Login to the Grafana instance
Click the “+” sign on the left sidebar and then select “import”.
Then copy/paste the json file from the dashboard you want to import and click “Load”.

Exporting a dashboard from Grafana

Login to Grafana
Navigate to the dashboard you’d like to export
From the dashboard, select the “dashboard Setting” on the upper right corner
Click on “JSON Model” and copy the contents of the textbox.
To import this to another dashboard, follow the steps outlined in importing a new dashboard.

Updating the Prometheus Config

To update Prometheus with any additional configuration options, take the following steps.

Clone the github repo kube-prometheus locally.
Once cloned, navigate to the manifests/prometheus-prometheus.yaml file and make any necessary changes.
Also ensure that the additional scrape config is added back into the bottom of the file as it’s required for Prometheus to query for Turbinia metrics.
```
additionalScrapeConfigs:
  name: additional-scrape-configs
  key: prometheus-additional.yaml
```

Once done, replace the Prometheus config file by running
- $ kubectl --namespace monitoring replace -f manifests/prometheus-prometheus.yaml
- Note: The updates should automatically take place

Updating Prometheus Rules

To update the Prometheus rules, take the following steps.

Create or update an existing rule file.
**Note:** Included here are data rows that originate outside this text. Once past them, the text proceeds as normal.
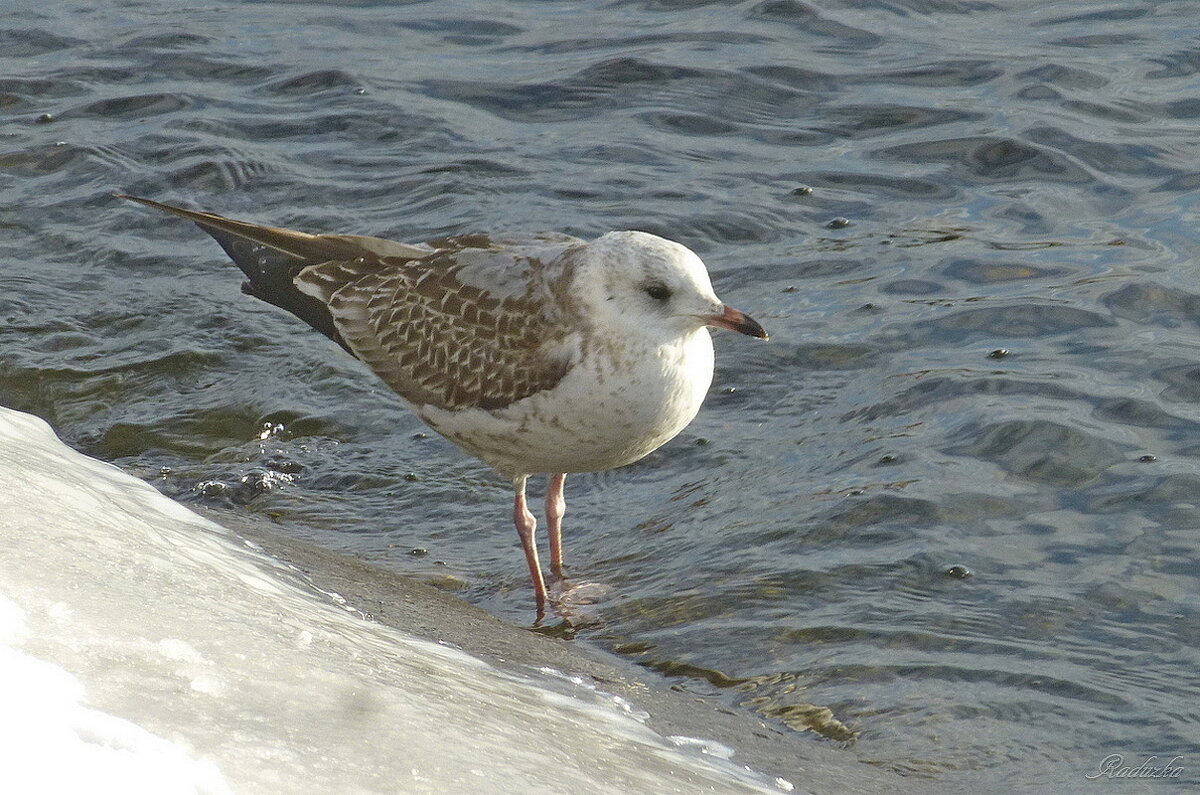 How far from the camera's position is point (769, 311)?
710 centimetres

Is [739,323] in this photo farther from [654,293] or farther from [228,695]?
[228,695]

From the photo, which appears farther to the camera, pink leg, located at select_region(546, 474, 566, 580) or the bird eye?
pink leg, located at select_region(546, 474, 566, 580)

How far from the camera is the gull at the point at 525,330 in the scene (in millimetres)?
4828

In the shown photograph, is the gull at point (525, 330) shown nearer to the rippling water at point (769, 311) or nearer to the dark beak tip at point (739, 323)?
the dark beak tip at point (739, 323)

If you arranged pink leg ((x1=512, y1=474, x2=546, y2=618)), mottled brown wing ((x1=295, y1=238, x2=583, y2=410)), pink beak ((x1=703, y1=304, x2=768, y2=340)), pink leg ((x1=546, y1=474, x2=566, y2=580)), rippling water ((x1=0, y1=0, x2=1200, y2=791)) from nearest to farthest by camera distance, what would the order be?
pink beak ((x1=703, y1=304, x2=768, y2=340)), rippling water ((x1=0, y1=0, x2=1200, y2=791)), mottled brown wing ((x1=295, y1=238, x2=583, y2=410)), pink leg ((x1=512, y1=474, x2=546, y2=618)), pink leg ((x1=546, y1=474, x2=566, y2=580))

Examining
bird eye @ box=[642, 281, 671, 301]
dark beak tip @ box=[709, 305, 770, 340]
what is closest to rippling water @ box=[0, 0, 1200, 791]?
dark beak tip @ box=[709, 305, 770, 340]

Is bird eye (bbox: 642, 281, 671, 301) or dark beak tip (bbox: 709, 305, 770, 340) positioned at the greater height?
bird eye (bbox: 642, 281, 671, 301)

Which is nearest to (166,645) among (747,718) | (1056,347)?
(747,718)

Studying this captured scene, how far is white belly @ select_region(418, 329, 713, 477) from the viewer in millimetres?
4805

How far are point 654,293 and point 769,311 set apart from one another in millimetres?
2330

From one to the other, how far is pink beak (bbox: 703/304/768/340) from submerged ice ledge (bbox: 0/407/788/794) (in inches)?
53.3

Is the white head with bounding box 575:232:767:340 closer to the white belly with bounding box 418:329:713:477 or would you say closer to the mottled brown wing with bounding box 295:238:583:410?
the white belly with bounding box 418:329:713:477

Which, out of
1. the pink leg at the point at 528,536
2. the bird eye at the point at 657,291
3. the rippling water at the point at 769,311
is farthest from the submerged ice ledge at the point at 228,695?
the bird eye at the point at 657,291

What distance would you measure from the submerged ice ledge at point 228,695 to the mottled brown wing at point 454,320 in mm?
1435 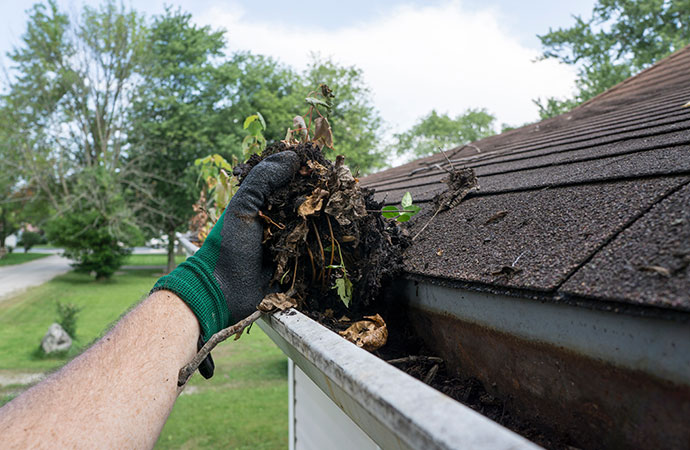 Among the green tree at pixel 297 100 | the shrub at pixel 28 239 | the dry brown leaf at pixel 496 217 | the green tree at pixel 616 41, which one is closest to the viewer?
the dry brown leaf at pixel 496 217

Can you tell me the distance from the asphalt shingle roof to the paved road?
18.0 meters

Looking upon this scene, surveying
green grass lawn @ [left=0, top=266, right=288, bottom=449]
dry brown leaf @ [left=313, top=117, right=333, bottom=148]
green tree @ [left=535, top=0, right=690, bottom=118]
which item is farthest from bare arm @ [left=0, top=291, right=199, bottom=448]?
green tree @ [left=535, top=0, right=690, bottom=118]

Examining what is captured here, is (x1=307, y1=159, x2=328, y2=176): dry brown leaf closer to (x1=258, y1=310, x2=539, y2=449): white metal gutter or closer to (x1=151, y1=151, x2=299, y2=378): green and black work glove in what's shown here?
(x1=151, y1=151, x2=299, y2=378): green and black work glove

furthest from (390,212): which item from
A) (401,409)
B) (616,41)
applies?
(616,41)

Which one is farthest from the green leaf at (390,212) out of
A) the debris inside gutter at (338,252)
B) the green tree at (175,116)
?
the green tree at (175,116)

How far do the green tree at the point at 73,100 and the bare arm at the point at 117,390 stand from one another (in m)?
19.3

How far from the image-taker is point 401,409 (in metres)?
0.57

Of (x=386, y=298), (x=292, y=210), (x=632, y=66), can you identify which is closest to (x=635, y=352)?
(x=386, y=298)

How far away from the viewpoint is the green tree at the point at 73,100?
1897 centimetres

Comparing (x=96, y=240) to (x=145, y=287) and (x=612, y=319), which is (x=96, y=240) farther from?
(x=612, y=319)

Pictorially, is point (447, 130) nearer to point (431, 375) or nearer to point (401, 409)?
point (431, 375)

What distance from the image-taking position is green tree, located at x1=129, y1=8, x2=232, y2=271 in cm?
2070

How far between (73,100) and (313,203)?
23.5 meters

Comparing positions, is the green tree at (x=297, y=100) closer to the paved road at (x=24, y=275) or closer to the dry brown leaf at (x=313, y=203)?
the paved road at (x=24, y=275) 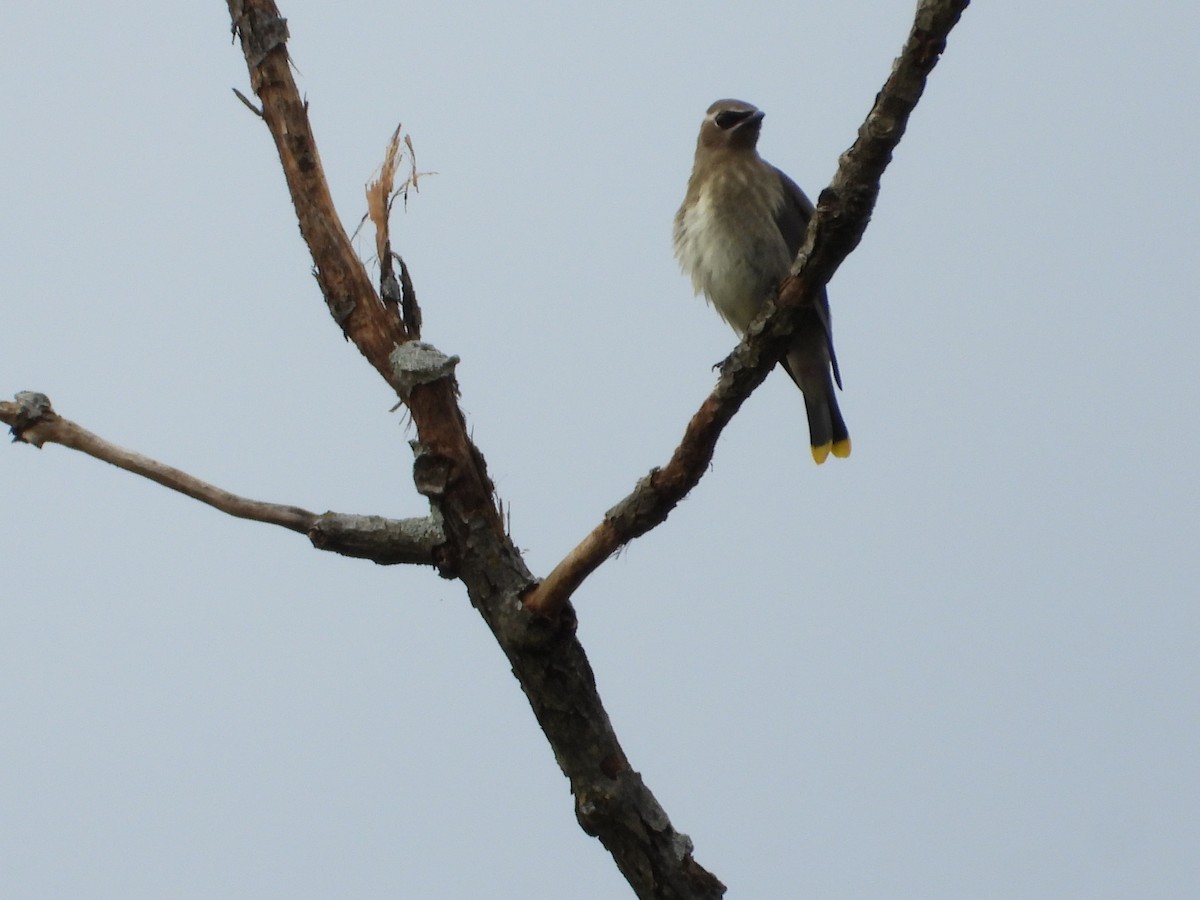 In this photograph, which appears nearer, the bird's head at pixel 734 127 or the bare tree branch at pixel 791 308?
the bare tree branch at pixel 791 308

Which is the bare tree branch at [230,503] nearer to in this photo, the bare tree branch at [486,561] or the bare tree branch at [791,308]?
the bare tree branch at [486,561]

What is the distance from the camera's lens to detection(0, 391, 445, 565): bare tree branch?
3695 mm

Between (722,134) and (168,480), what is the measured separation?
7.25 ft

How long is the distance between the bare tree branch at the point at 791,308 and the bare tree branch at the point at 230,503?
0.34 metres

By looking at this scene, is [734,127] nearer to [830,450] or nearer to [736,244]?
[736,244]

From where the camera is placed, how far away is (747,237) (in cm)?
466

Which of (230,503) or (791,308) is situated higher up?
(230,503)

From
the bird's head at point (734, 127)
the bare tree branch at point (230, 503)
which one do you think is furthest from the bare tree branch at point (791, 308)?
the bird's head at point (734, 127)

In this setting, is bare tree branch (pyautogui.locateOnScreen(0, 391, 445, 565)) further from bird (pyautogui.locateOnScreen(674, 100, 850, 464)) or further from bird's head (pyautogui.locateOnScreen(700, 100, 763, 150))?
bird's head (pyautogui.locateOnScreen(700, 100, 763, 150))

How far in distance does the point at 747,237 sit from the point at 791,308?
142 centimetres

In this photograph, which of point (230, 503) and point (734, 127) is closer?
point (230, 503)

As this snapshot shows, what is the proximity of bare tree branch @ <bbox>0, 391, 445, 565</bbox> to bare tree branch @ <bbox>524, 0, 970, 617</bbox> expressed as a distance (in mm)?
341

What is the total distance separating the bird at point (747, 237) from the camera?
4680 mm

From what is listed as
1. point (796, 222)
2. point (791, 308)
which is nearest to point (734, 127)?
point (796, 222) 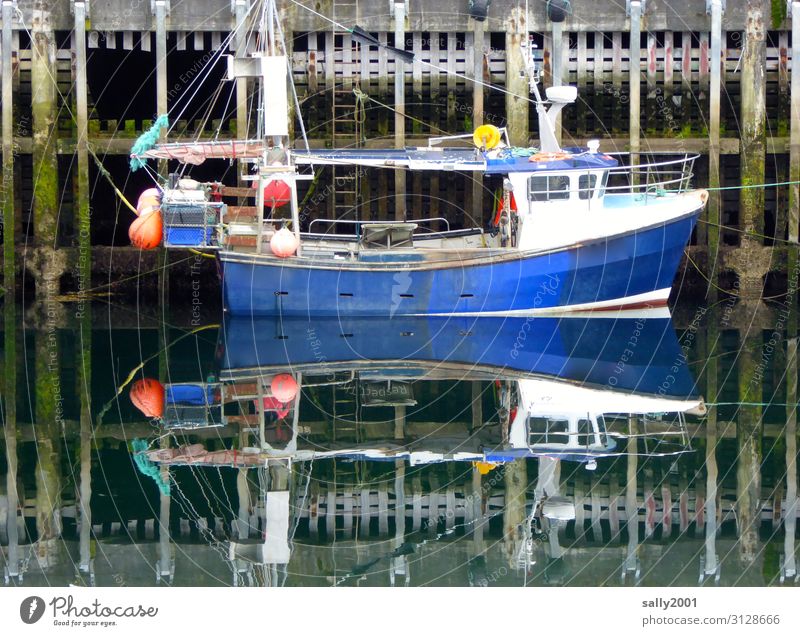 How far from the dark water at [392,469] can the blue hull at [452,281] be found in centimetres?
132

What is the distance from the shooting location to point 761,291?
87.1ft

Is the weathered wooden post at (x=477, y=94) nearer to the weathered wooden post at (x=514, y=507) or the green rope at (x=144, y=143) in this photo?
the green rope at (x=144, y=143)

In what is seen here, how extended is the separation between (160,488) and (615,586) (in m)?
4.63

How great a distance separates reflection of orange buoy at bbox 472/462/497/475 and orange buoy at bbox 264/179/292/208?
9080mm

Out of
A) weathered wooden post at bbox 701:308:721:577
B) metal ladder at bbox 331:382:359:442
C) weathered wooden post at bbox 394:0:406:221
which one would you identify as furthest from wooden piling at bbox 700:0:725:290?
metal ladder at bbox 331:382:359:442

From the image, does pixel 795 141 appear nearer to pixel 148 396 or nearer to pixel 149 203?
pixel 149 203

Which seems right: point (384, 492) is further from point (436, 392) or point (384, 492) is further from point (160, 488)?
point (436, 392)

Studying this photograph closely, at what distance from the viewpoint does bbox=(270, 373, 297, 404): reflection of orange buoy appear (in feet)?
64.9

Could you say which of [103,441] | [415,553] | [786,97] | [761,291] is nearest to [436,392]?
[103,441]

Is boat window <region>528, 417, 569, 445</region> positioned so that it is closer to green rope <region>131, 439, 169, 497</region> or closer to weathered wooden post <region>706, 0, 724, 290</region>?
green rope <region>131, 439, 169, 497</region>

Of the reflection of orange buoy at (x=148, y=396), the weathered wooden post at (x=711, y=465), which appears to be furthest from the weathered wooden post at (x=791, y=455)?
the reflection of orange buoy at (x=148, y=396)

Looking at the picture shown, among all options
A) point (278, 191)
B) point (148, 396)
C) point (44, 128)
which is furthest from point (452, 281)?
point (44, 128)

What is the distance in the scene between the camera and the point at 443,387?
66.4ft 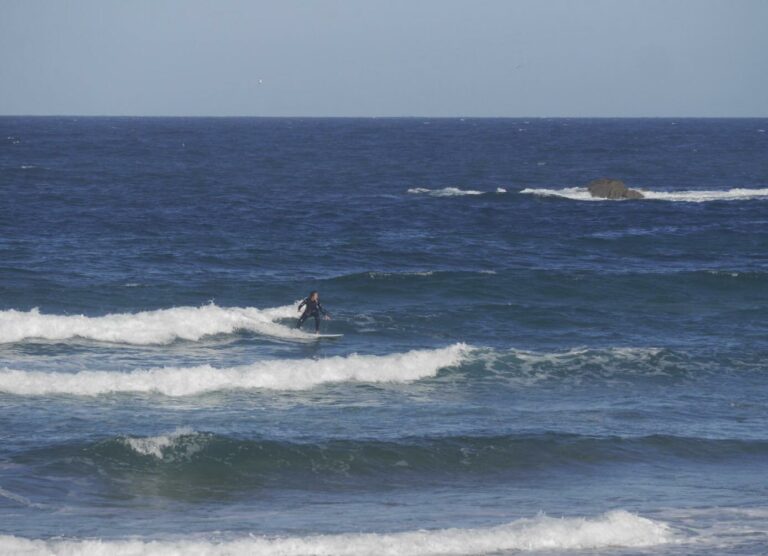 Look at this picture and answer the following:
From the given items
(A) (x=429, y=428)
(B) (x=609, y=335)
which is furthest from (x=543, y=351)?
(A) (x=429, y=428)

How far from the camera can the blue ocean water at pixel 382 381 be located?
16.3 m

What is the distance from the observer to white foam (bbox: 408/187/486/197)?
64.0 m

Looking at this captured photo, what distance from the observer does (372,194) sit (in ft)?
210

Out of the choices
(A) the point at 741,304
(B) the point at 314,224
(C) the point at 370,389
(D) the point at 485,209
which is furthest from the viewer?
(D) the point at 485,209

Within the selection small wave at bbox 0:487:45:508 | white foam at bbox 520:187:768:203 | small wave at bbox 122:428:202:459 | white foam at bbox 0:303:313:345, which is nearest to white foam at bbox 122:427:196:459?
small wave at bbox 122:428:202:459

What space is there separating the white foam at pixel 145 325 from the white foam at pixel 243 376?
13.3 ft

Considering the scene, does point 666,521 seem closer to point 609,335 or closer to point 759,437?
point 759,437

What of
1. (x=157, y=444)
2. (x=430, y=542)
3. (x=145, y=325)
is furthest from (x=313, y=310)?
(x=430, y=542)

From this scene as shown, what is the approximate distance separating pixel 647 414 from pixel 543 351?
573 cm

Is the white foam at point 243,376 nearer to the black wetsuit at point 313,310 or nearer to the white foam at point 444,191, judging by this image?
the black wetsuit at point 313,310

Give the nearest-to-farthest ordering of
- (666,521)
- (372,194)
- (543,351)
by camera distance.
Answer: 1. (666,521)
2. (543,351)
3. (372,194)

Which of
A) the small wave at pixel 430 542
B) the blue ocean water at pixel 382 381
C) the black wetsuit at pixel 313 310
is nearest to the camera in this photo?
the small wave at pixel 430 542

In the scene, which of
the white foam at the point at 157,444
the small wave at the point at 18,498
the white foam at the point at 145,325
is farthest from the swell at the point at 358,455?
the white foam at the point at 145,325

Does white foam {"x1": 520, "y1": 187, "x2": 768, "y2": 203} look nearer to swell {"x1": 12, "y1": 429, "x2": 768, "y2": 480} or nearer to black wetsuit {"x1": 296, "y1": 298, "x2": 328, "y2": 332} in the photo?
black wetsuit {"x1": 296, "y1": 298, "x2": 328, "y2": 332} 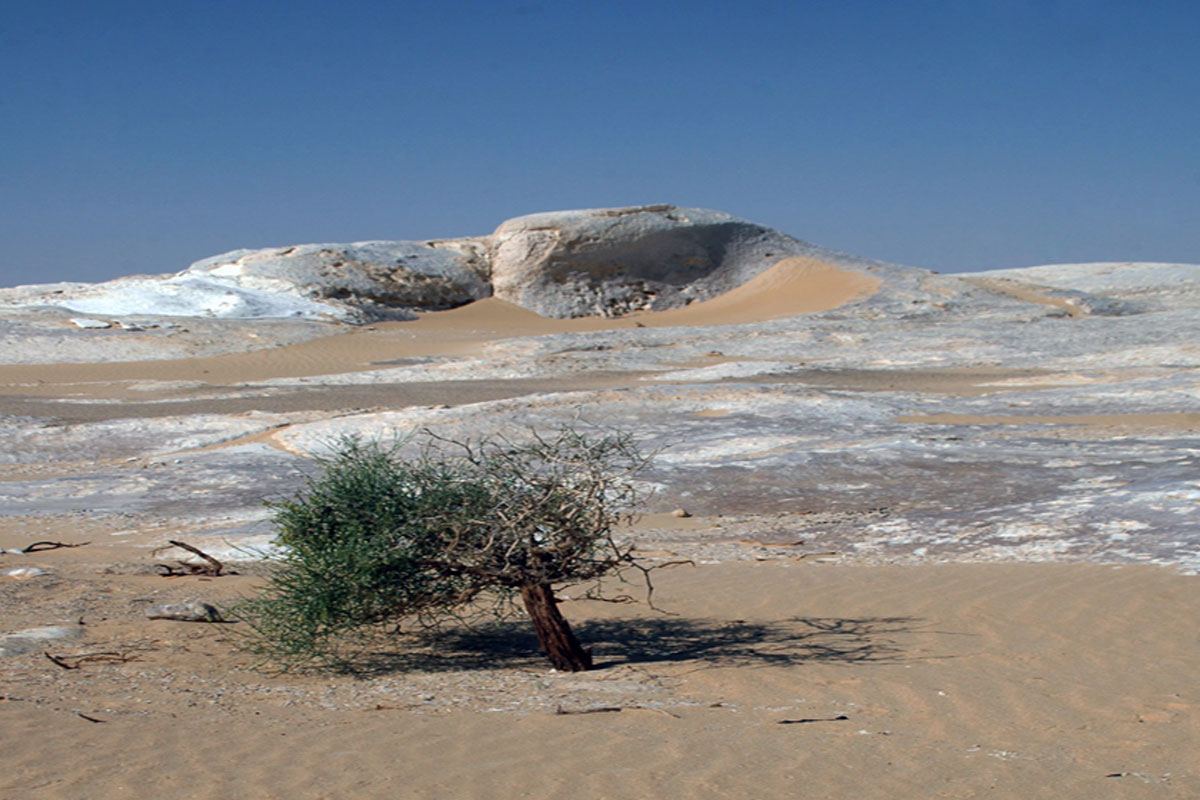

Please see here for great tips on writing recording rules.
Once your rule has been created, append the rule to the turbinia-custom-rules.yaml file following a similar format as the other rules.
```
- name: [rule-name]
rules:
# Comment describing rule
- record: [record-value]
  expr: [expr-value]
```
Once added into the file, update the monitoring rules by running the following
- $ kubectl --namespace monitoring replace -f turbinia-custom-rules.yaml

Verify that the changes have taken place by navigating to the Prometheus instance after a few minutes then going to Status -> Rules and searching for the name of your newly created rule.